The audience must work hard to suspend disbelief during this film. This is masked behind heavy exposition and shortcuts aimed at excusing actions taken and to move along the story. Example - There’s a scene where a Road Warrior-style vehicle speeds along with men firing heavy machine guns and flamethrowers -A group of helpless citizens run from completely safe, undiscovered hiding spots so the vehicle of death can mow them down in wicked style. It’s a nasty scene that will appease the bloodthirsty genre fans. The scene will frustrate any viewer that will beg the question, “Why did they just do that?” Some will mutter, “Switch your brain off and have a good time.” That’s a poor excuse for enjoying a bad film.
There are some positive takeaways in this film. Scattered through the film are some seriously badass crews. There is a military style crew that purges with little resistance. There is a crew of mask-wearing misfits that drives around in a van along with motorbikes. The crews conveniently arrive wherever our antagonists run. Their method of finding them is later addressed and it borders on ridiculous.
Grillo solidifies his status as a terrific actor and a man born to be in action films.
Grillo solidifies his status as a terrific actor and a man born to be in action films. He first arrived on my radar in Joe Carnahan’s bone-chilling survival drama, The Grey. Grillo impressed audiences recently in Captain America: The Winter Soldier. If MTV gave away an award for “Best Hair in an Action Film” he would be among the finalists. He carries himself like a modern day cowboy, even to the point where he has no name in this film.
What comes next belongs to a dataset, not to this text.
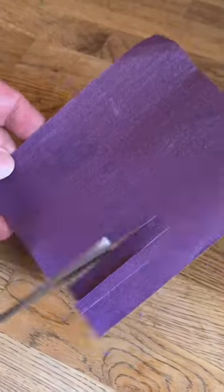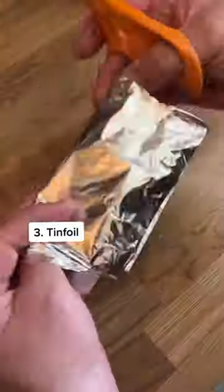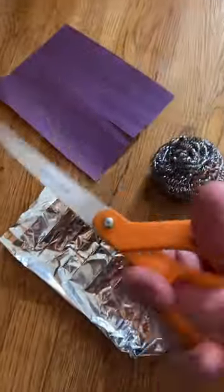Number two, cut up some sandpaper and flip it over to sharpen both blades. Number three, tinfoil. We know you have this in your home. Just fold it a few times and snip, snip, snip.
He’s a poster boy for the anti-hero we tend to enjoy on the big screen. His charisma oozes off the screen, he’s truly in his own film here.
Grillo’s strengths are overshadowed by the weaknesses of the supporting cast. Sergeant and Cali have a bizarre, forced divide between them. One moment Sergeant saves her life, the next scene she’s calling him an asshole. What gives?? Soul is dead weight in a film that has enough problems. It’s amazing to realize that Gilford and Sanchez is a real-life married couple. Their scenes together as Shane and Liz feel so forced, so unrealistic. Perhaps that’s what they were going for but the dynamic does not work here. Ejogo does a fine job as the brave mother but she isn’t given a lot to work with.
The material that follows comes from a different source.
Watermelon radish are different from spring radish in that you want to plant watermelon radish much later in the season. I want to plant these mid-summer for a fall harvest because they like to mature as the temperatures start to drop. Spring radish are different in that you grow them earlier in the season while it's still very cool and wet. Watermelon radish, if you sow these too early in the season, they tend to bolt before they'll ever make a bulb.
The Purge: Anarchy falters when it treats particular scenes as a big reveal but the audience saw these coming from a mile away. Even when a film is predictable that does not automatically make it a bad film. It’s all in the execution. The audience may wonder if this film is taking itself seriously or intentionally delivering the cheese. It’s a strange balance between the two.
The Purge: Anarchy is unfortunately another misfire on a potentially great concept. The front heavy start will make audiences wish for a stronger experience through the entire film. There are satisfying moments from an action and genre point of view but those moments are few and far between. Most audiences will have their minds made up going into the film. If you enjoyed The Purge this will satisfy your desire to explore this world again. If you disliked the first effort there is no need to see this film.
The Purge: Anarchy is unfortunately another misfire on a potentially great concept. The front heavy start will make audiences wish for a stronger experience through the entire film. There are satisfying moments from an action and genre point of view but those moments are few and far between.